• [Dataset]:
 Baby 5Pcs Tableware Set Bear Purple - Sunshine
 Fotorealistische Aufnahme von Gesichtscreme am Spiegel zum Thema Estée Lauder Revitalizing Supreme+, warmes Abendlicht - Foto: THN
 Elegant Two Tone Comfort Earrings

...

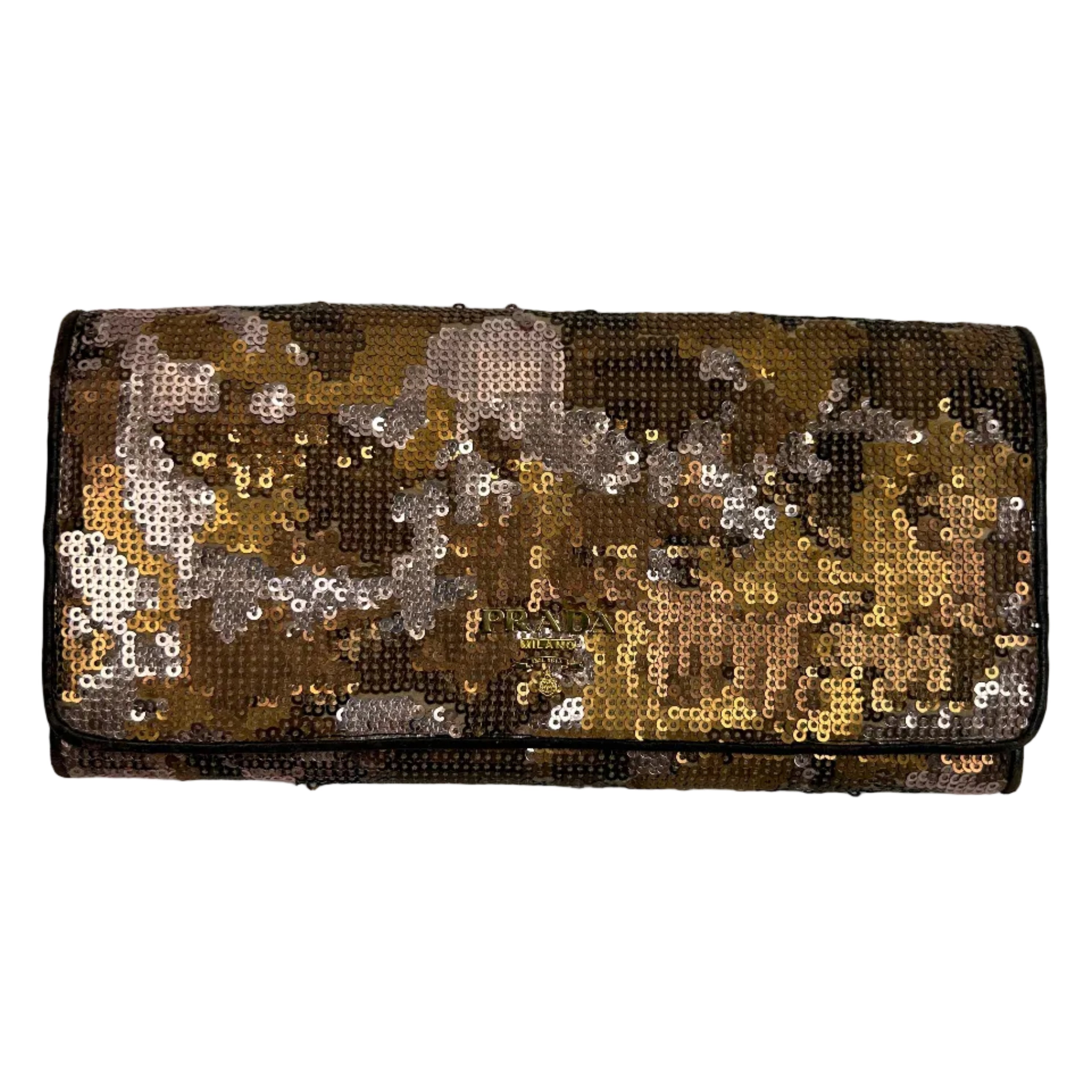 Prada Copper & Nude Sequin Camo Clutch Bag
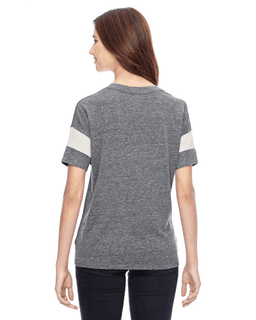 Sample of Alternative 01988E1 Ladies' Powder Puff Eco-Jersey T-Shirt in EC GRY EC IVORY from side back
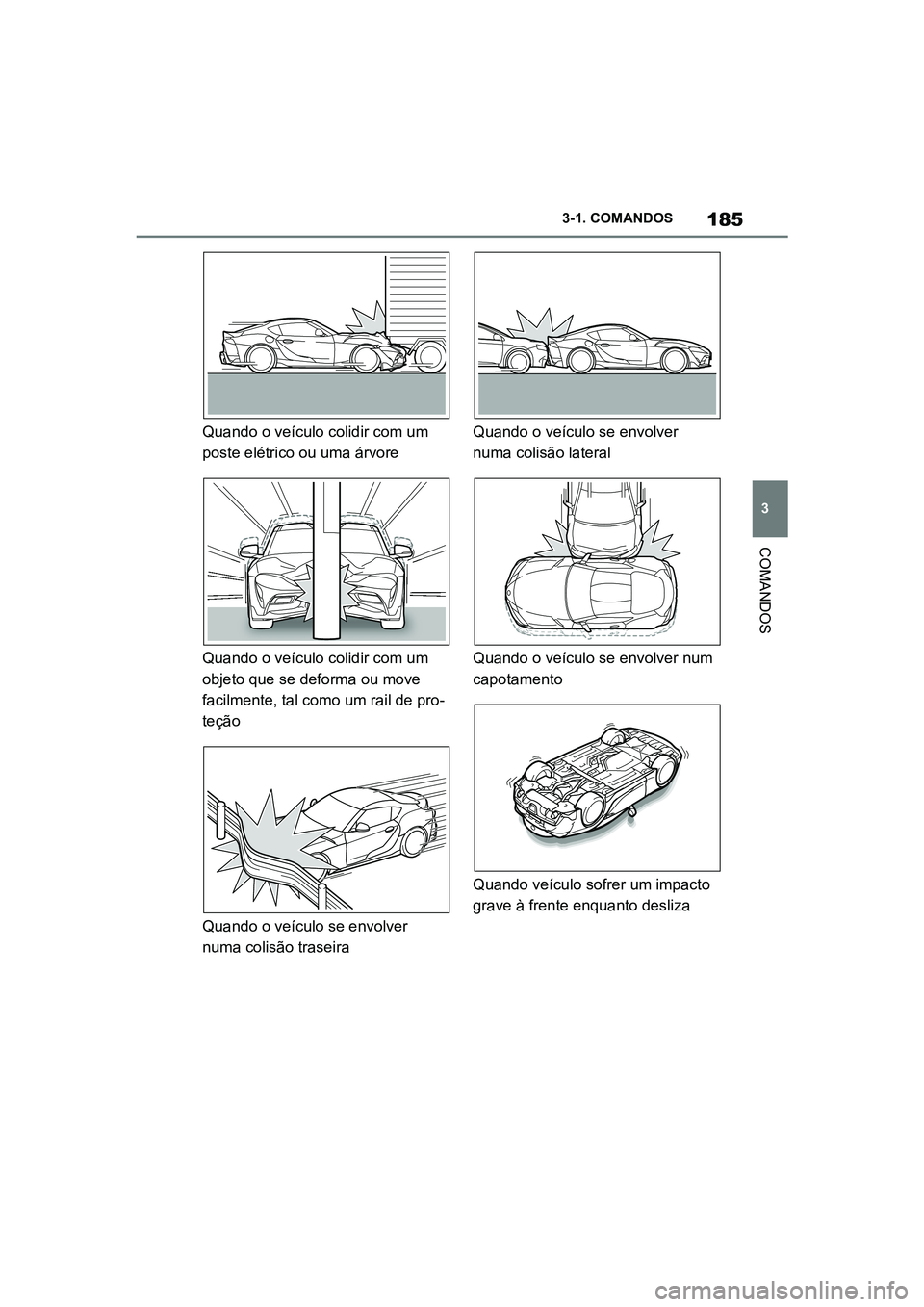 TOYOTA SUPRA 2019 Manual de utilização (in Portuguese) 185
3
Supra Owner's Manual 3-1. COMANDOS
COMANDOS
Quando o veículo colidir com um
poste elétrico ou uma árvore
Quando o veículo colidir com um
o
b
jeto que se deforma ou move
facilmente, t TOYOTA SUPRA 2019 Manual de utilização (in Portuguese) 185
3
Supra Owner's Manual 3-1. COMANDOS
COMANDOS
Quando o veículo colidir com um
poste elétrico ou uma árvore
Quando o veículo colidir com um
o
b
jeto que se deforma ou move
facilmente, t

* * *

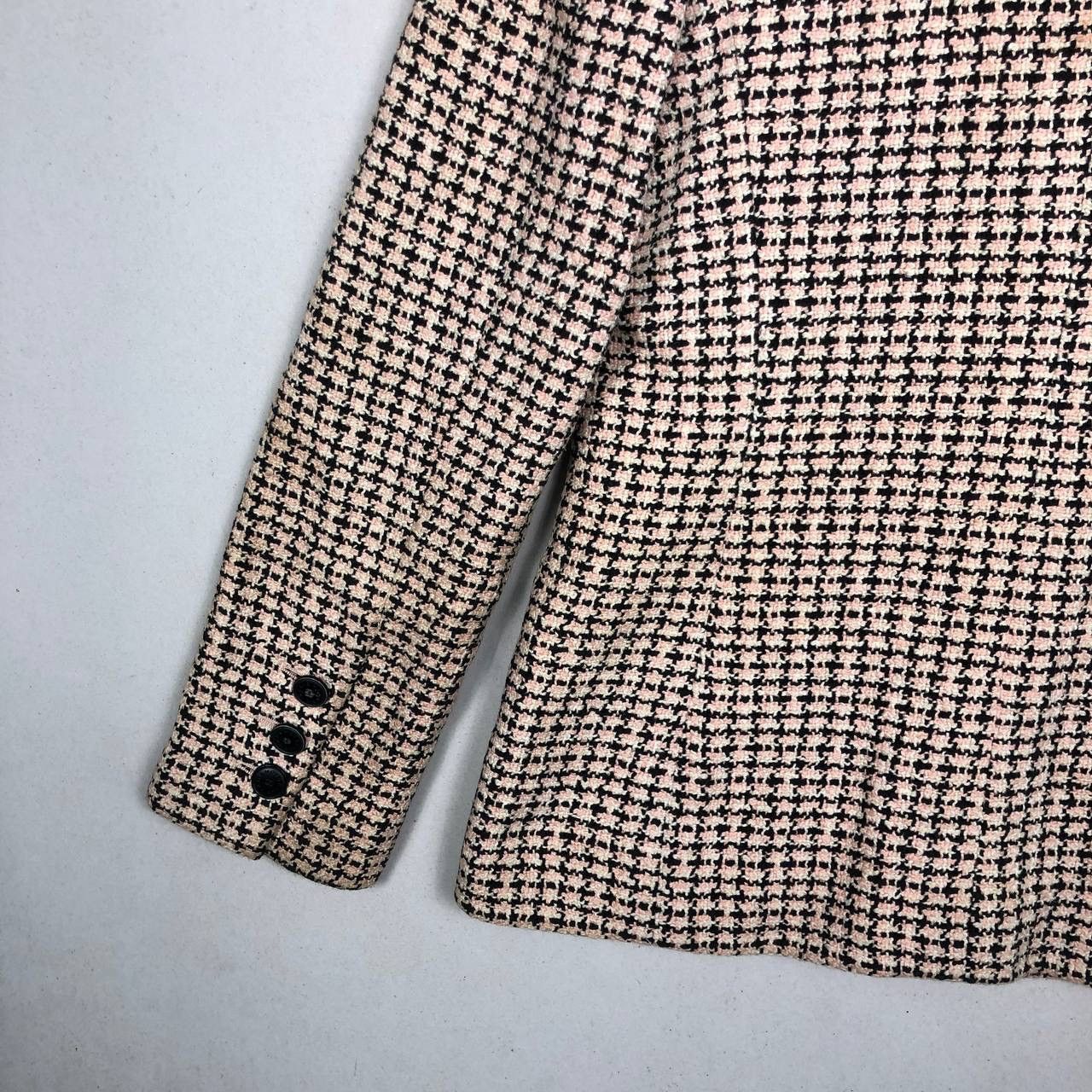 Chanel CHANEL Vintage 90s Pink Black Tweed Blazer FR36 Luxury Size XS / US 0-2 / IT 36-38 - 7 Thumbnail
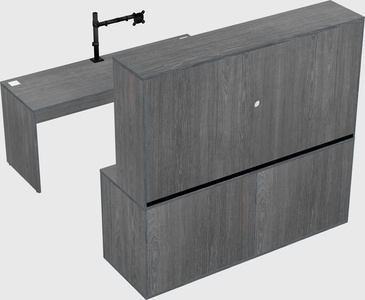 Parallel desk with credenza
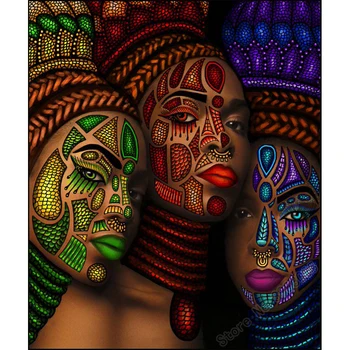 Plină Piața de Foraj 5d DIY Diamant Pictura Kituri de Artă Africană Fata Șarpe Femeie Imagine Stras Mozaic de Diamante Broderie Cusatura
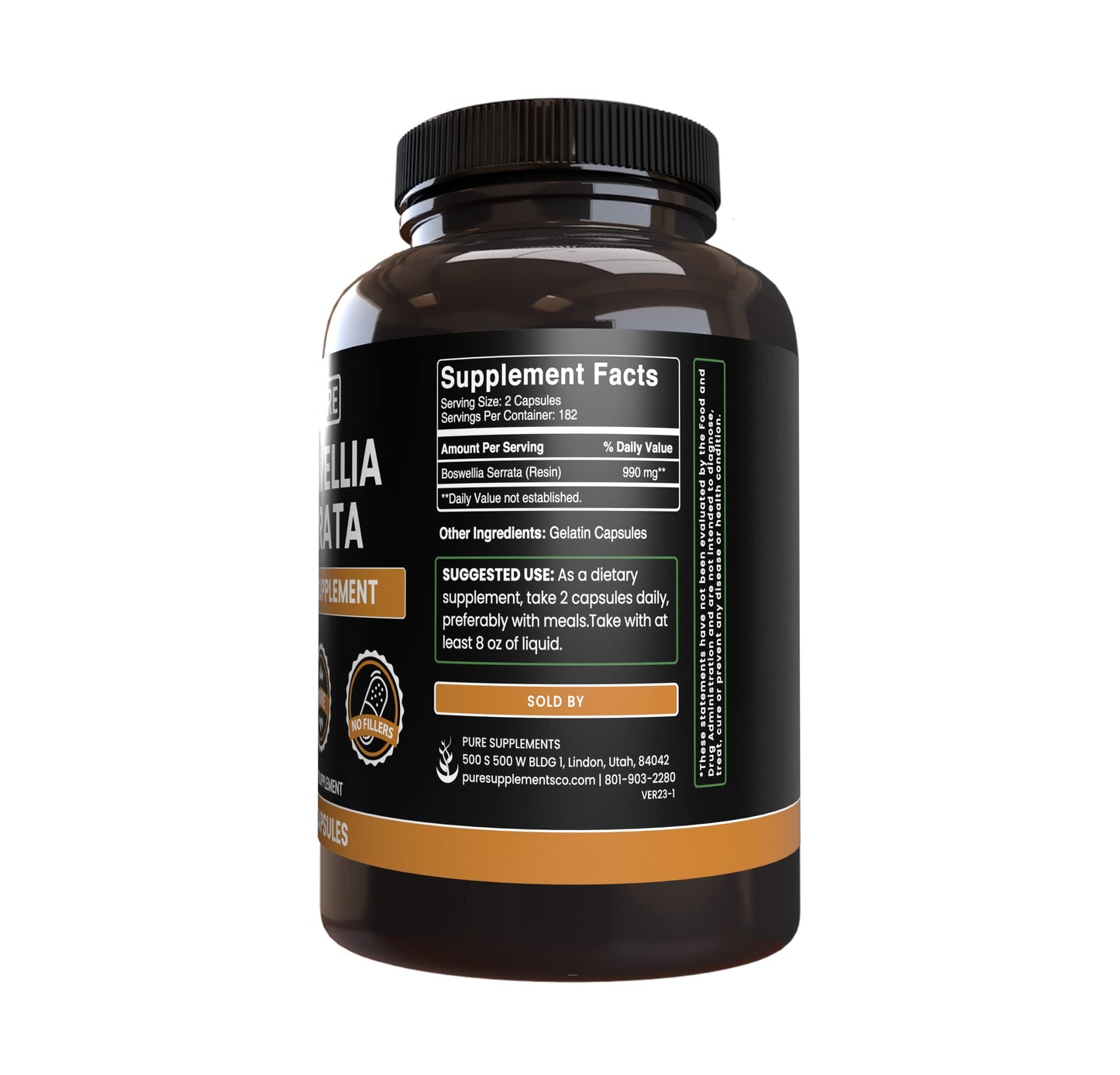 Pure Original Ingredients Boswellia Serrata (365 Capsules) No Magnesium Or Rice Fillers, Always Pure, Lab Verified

• [Task goal]:
For the word "facilmente", tally the lines above that hold it and answer with the number alone.

• [Solution for this task]:
2